= Exercise aim =
Quote, word for word, only the lines running from the line with "Фото приготовление рецепта: Салат" through the end of the listing. Leave out the pictures.

= Supplied data =

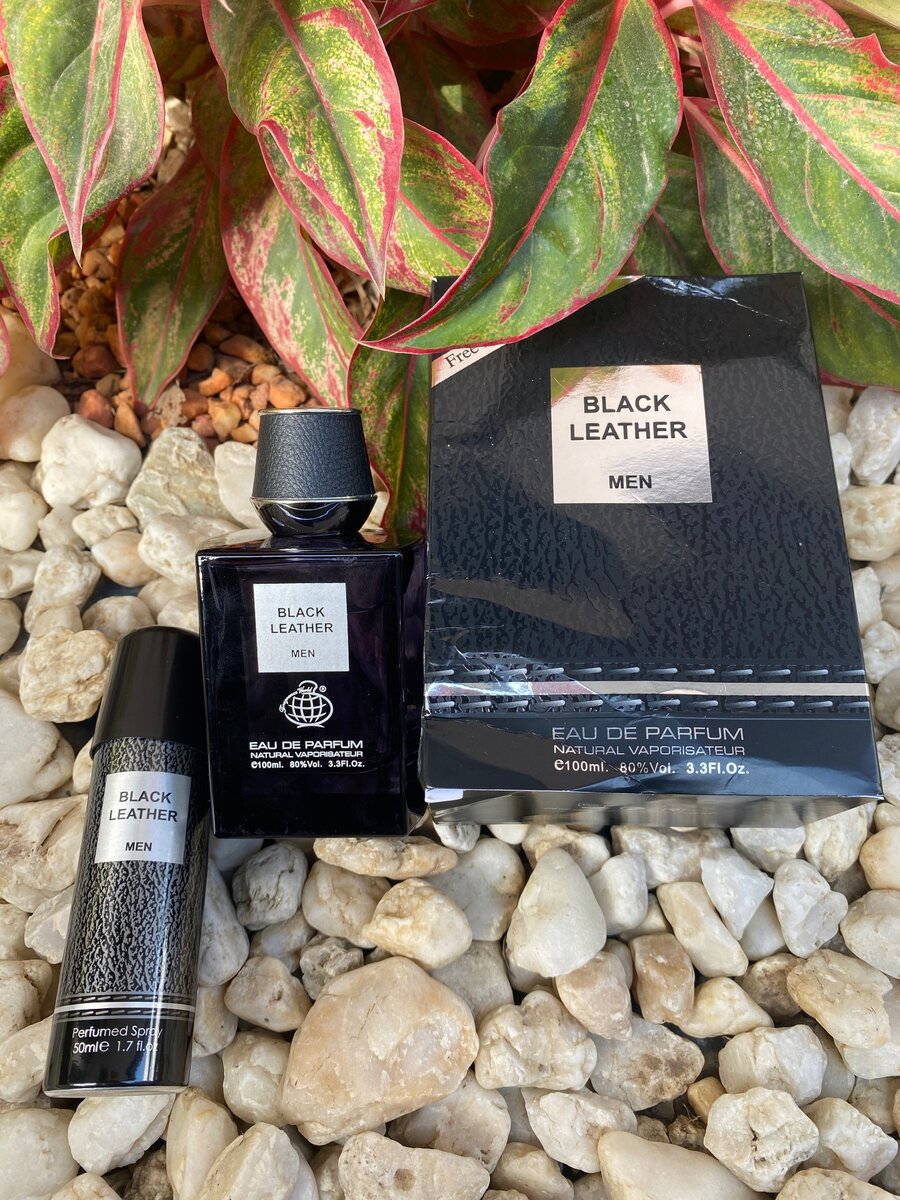 Parfum black leather men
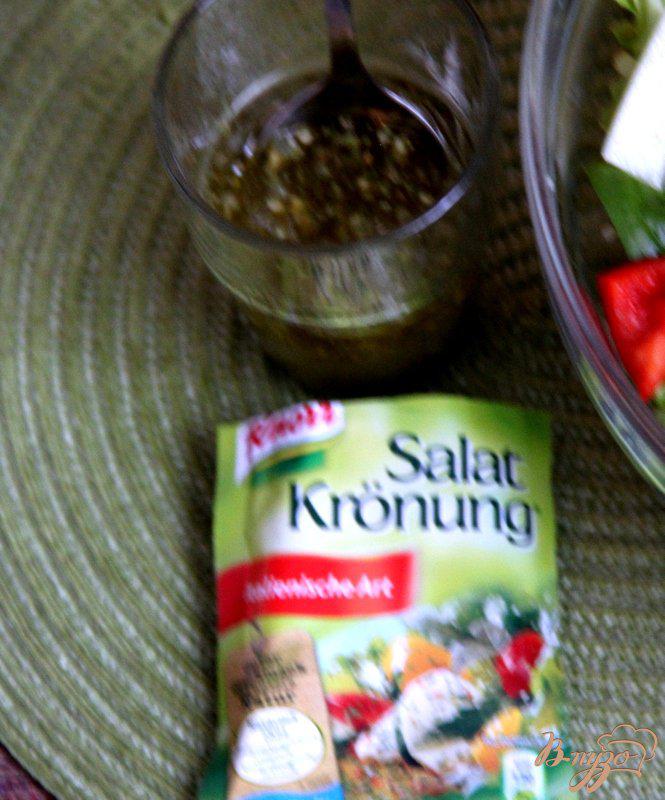 Фото приготовление рецепта: Салат из свежих овощей с булгуром шаг №5
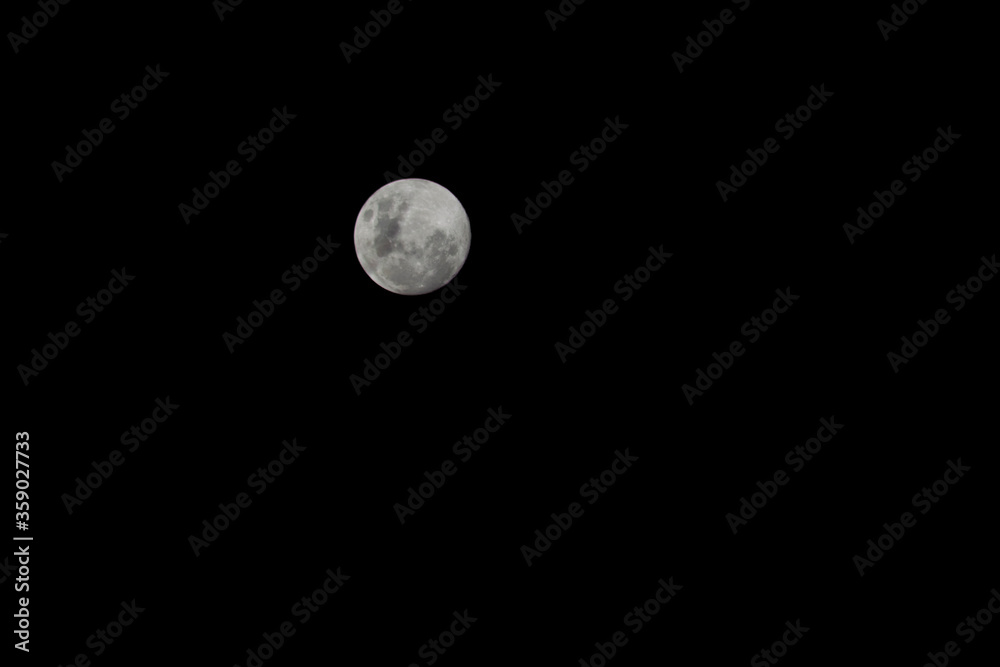 Luna llena con fondo de cielo negro Luna llena con fondo de cielo negro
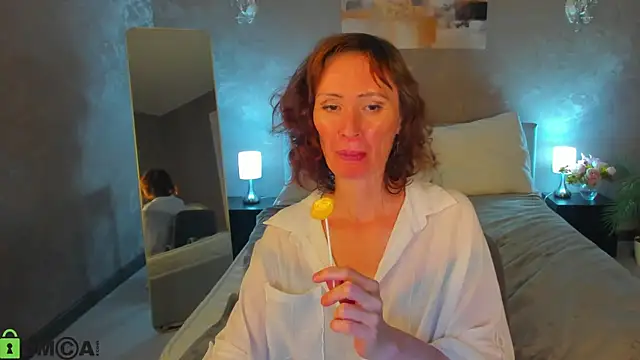 gracekellyyy online show from 07-04-26, 04:24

= Solved problem =
 Фото приготовление рецепта: Салат из свежих овощей с булгуром шаг №5
 Luna llena con fondo de cielo negro Luna llena con fondo de cielo negro
 gracekellyyy online show from 07-04-26, 04:24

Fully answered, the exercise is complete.